This article was written by Andy Dawes, Associate Professor Emeritus in the Department of Psychology at the University of Cape Town.
By 2015, South Africa had produced a number of notable policy documents directed at improving the well-being and development of young children: the 2001 Education White Paper 5 Meeting the Challenges of Early Childhood Development; the National Integrated Plan for ECD 2005-2010 (the NIP for ECD); the 2009 National Early Learning Development Standards for Children from birth to 4 years; the 2011 Curriculum Assessment Policy Statements for Grade R; and the 2015 National Curriculum Framework (NCF) from birth to 4 years.
The goal was to ensure that children had a sound early developmental foundation and were ready to learn when they arrived in school. But how would we know whether children were indeed ready? We needed a standardized South African instrument aligned to the NCF that provided a fair assessment of children’s abilities, regardless of their language and cultural background. We also needed to establish expected standards for what they should know and be able to do – essentially, what score on the instrument would indicate this level of performance.
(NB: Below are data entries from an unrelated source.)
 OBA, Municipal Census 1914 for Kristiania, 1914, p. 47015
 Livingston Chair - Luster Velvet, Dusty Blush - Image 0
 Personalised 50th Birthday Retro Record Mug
The tools would serve another important purpose. Considerable amounts of money were being spent by donors and government on supporting early learning programmes. But did they ‘work’? If we could measure programme effectiveness, then we could could also use the measurement instrument to enable programmes to fill gaps in children’s learning outcomes (e.g. numeracy) through appropriate programme design, equipment, and stimulation.
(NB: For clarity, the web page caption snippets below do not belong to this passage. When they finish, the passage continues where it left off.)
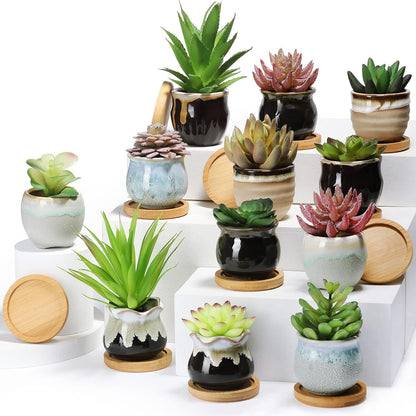 Remerry 24 Pcs Ceramic Succulent Pots 2.5 Inch with Drainage Bamboo Tray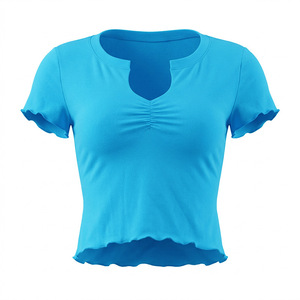 Viviblook J26TP062 Tops de verano para mujer, camiseta informal de manga corta con cuello en V de color sólido, ajustada y sexy - Product Image 4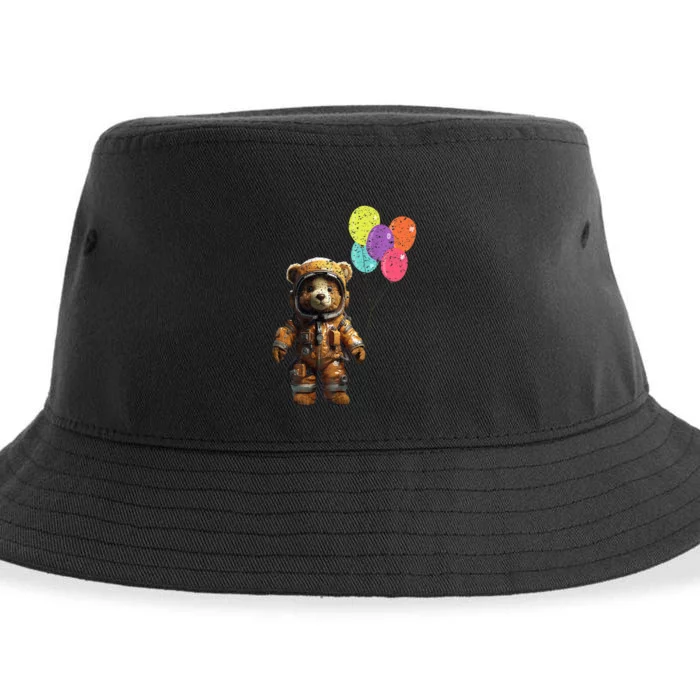 Bear Astronaut with Balloons Sustainable Bucket Hat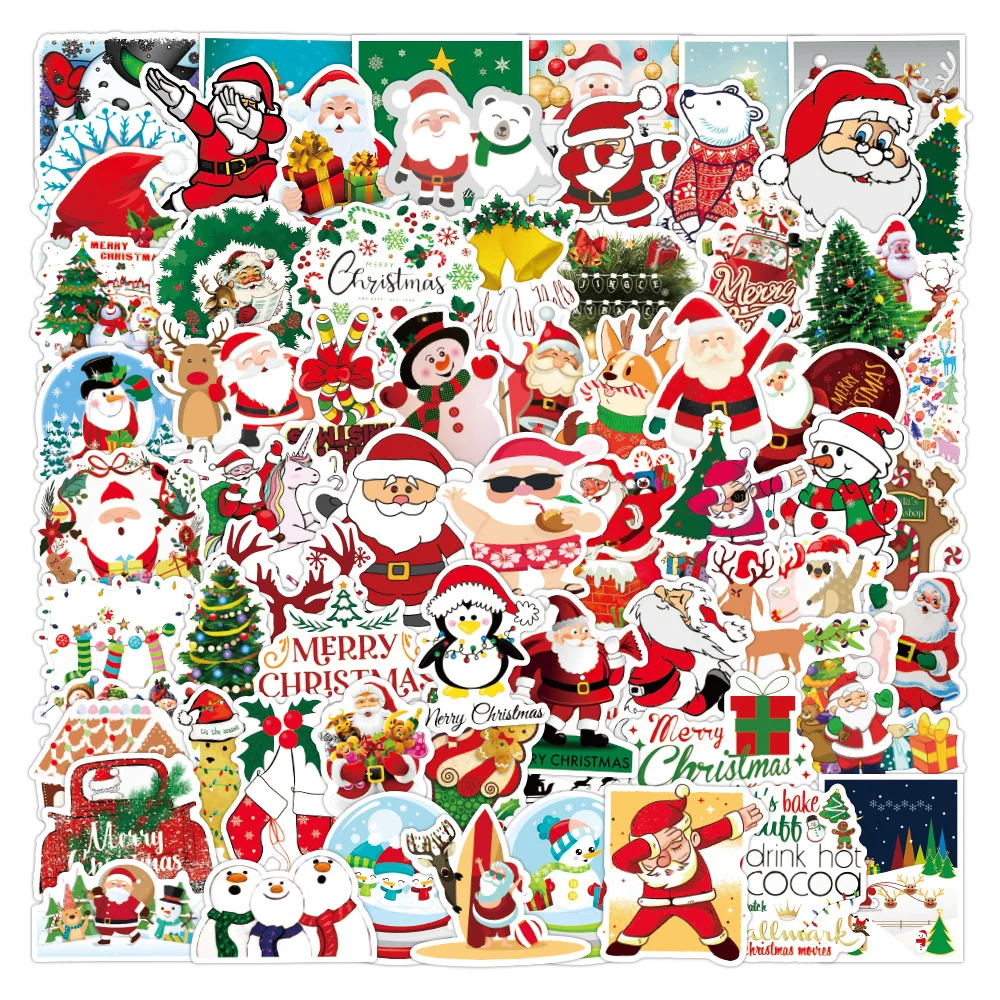 50PCS Cartoon Christmas Stickers Graffiti Luggage Computer Car Guitar DIY Scrapbook Wall Sticker Toys Decoration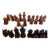 Mid 20th Century Makonde Hand-Carved African Figural Wood Chess Set, Tanzania, 32 Pieces For Sale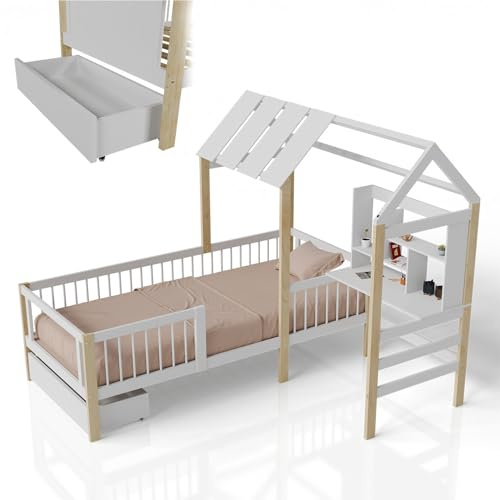 Juskys Kinderbett Yari 90x200 cm - Einzelbett mit Schreibtisch & Schublade, Kiefernholz & Langlebige Materialien, Verspieltes Haus-Design - Weiß/Natur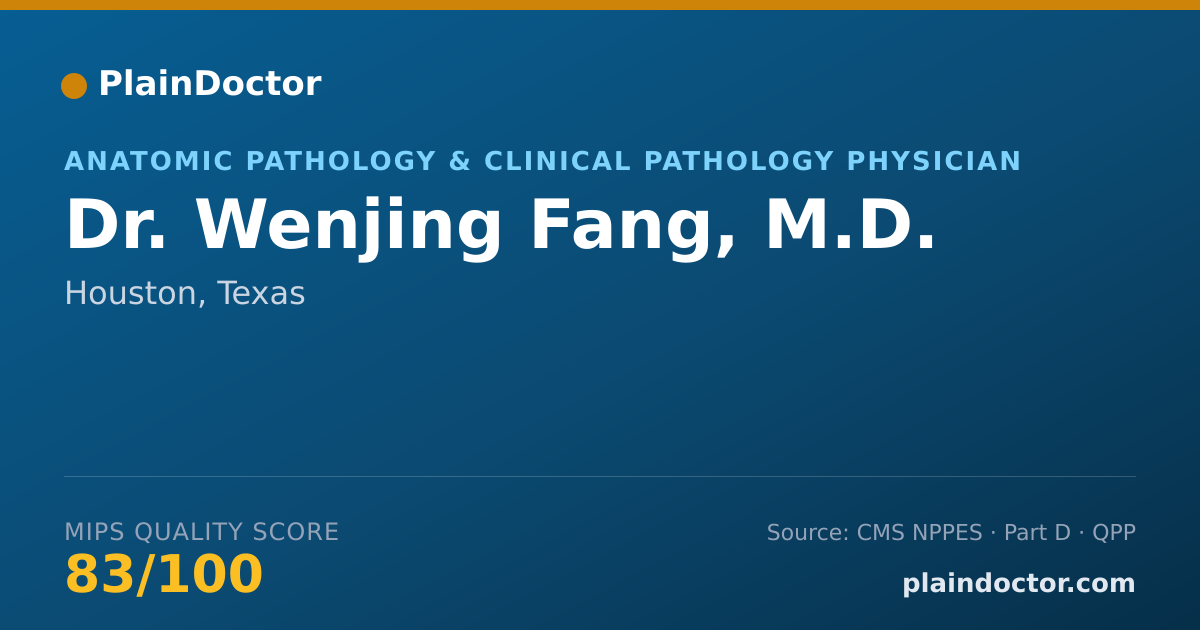 Shareable card for Wenjing Fang, M.D. - Anatomic Pathology & Clinical Pathology Physician, Houston, TX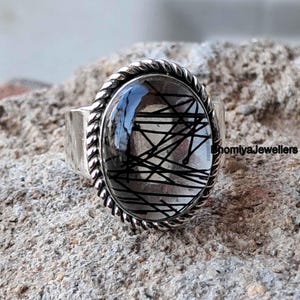 Ring toermalijnkwarts: handgemaakte 925 sterlingzilveren boho-ring
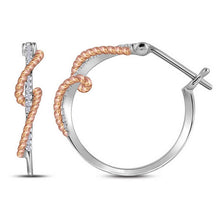 Load image into Gallery viewer, 10kt Diamond Rope Hoop Earrings - Two-Tone Gold Splendor  Top View from Splendid Jewellery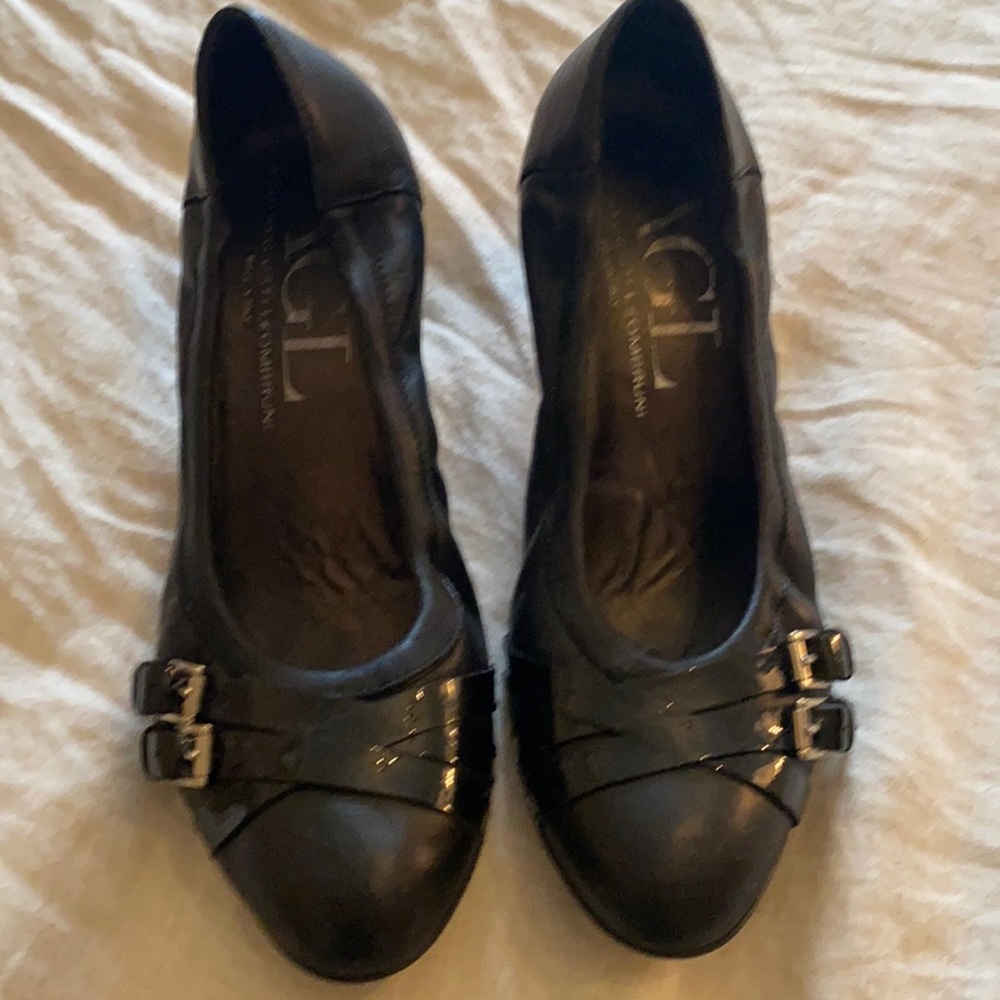 AGL black leather pumps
Sound local tests of early development were available (here, here, and here) and tests developed abroad (1) had been locally adapted – such as Save the Children International‘s IDELA. The problem was that most were not aligned to the NCF and did not have benchmarked early learning standards.
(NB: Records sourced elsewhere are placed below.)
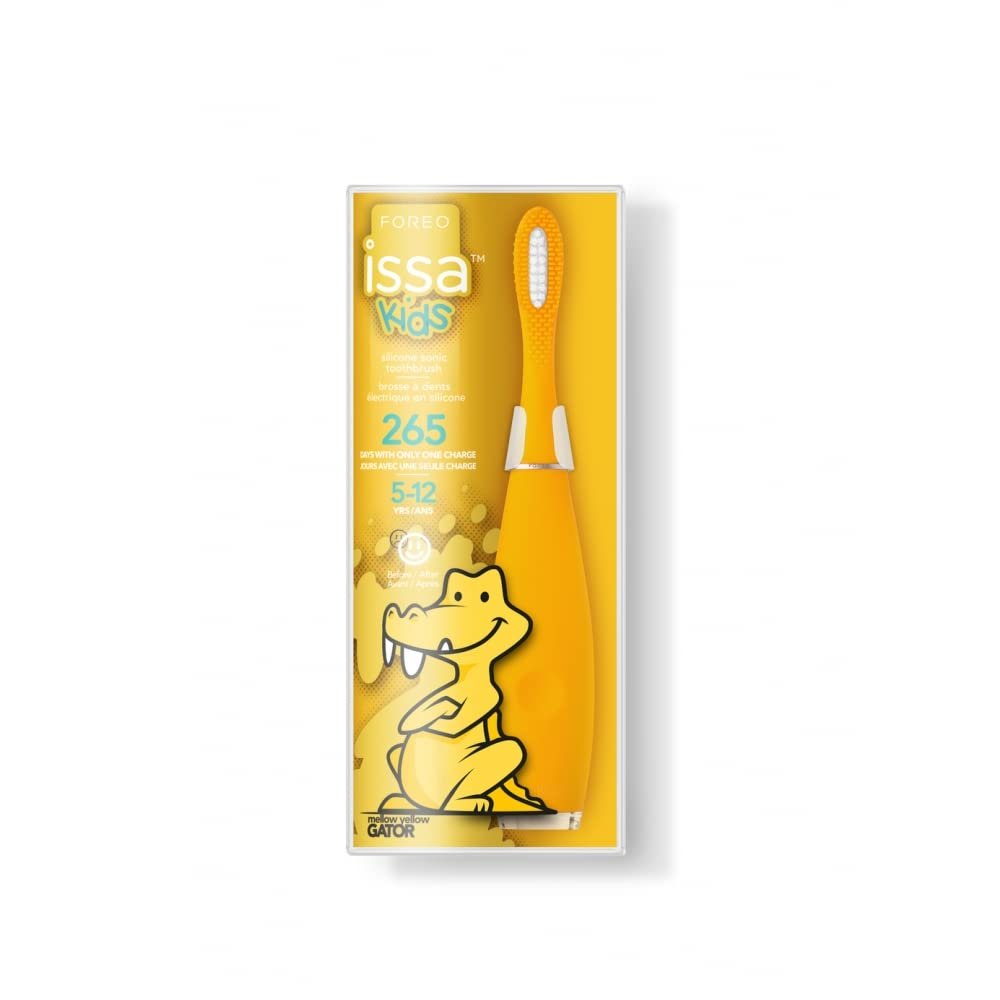 Електрична звукова силіконова зубна щітка FOREO ISSA Kids USB Charging Mellow Yellow Gator, фото №4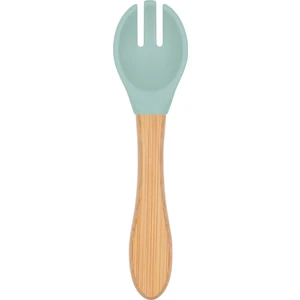 Bambu Saplı Silikon Mama Çatalı Spring Yeşil
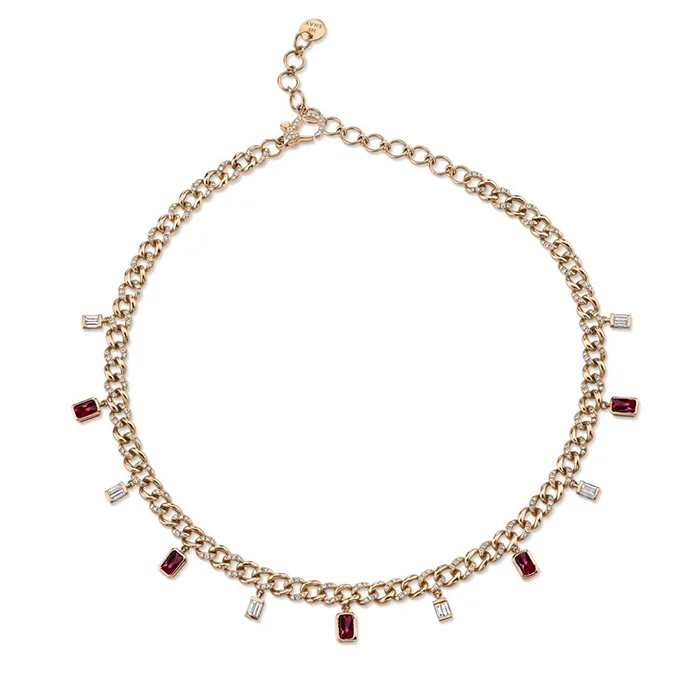 White gold plated gemstone diamond baguette drop womens cuban choker necklace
In January 2015, impact-first investor Innovation Edge came to the table with funding for the development of a suitable instrument and the Early Learning Measure – ELOM – development team was assembled. During Phase 1 we reviewed the literature and assessed the suitability of test items that could be drawn from a range of tools. We consulted widely with education officials, ECD practitioners, and local and international experts. A low-cost tool that could be administered by trained assessors began to take shape and we were ready for Phase 2: piloting the draft ELOM among isiXhosa, English, and Afrikaans speaking children. That essential exercise enabled us to re-shape items, fix translations, and finalise the ELOM in preparation for its validation and standardisation in early 2016.
During Phase 3, a random sample of Grade R children speaking five major South African languages and from across the socio-economic spectrum was tested. Following psychometric analysis to standardise and establish the reliability validity and fairness of our new tool (more detail on this in the ELOM technical manual) the expected level of performance on the ELOM was benchmarked in consultation with a range of stakeholders including the Departments of Social Development and Basic Education. We now had benchmarked ELOM scores for children achieving the standard (on track), falling behind, and falling far behind the standard. The findings were published in a peer-reviewed journal.
The ELOM was ready for use at the start of 2017. Since then, together with graduate students and other colleagues, we have finalised the psychometry by establishing concurrent validity with the WPPSI IV and test-retest reliability of the ELOM direct assessment and the companion Teacher Assessment of children’s social and emotional functioning. Having also established the amount of monthly gain in ELOM scores to be expected due to a child’s maturation (more detail in article), evaluations are able to separate out this effect from the gains attributable to the programme.
The ELOM is now available in eleven official languages, and a large cohort of assessors has been trained. The ELOM has been used extensively in programme evaluations (article), to inform programme improvement, and most recently in South Africa’s first national survey of the learning outcomes of four to five-year-olds – the Thrive by Five Index. By December 2022, approximately 14,724 children had been assessed using the ELOM and much of that data is freely available on the DataFirst open data portal.
It has been a privilege to have played a part in a journey which has truly changed the ECD evidence landscape in South Africa, and will hopefully drive significant positive change in the proportions of children who are ready to learn in Grade R. That is necessary but not sufficient to change the poor educational trajectories of the majority of our children. It is up to the Department of Basic Education to ensure that schools are ready for our children and are equipped to enable them to grow to their full potential.
(1) Richter, L. M., Griesel, R. D., & Rose, C. (1994). The McCarthy Scales of Children’s Abilities: Adaptation and norms for use amongst black South African children. South African Journal of Occupational Therapy, 24, 17-30.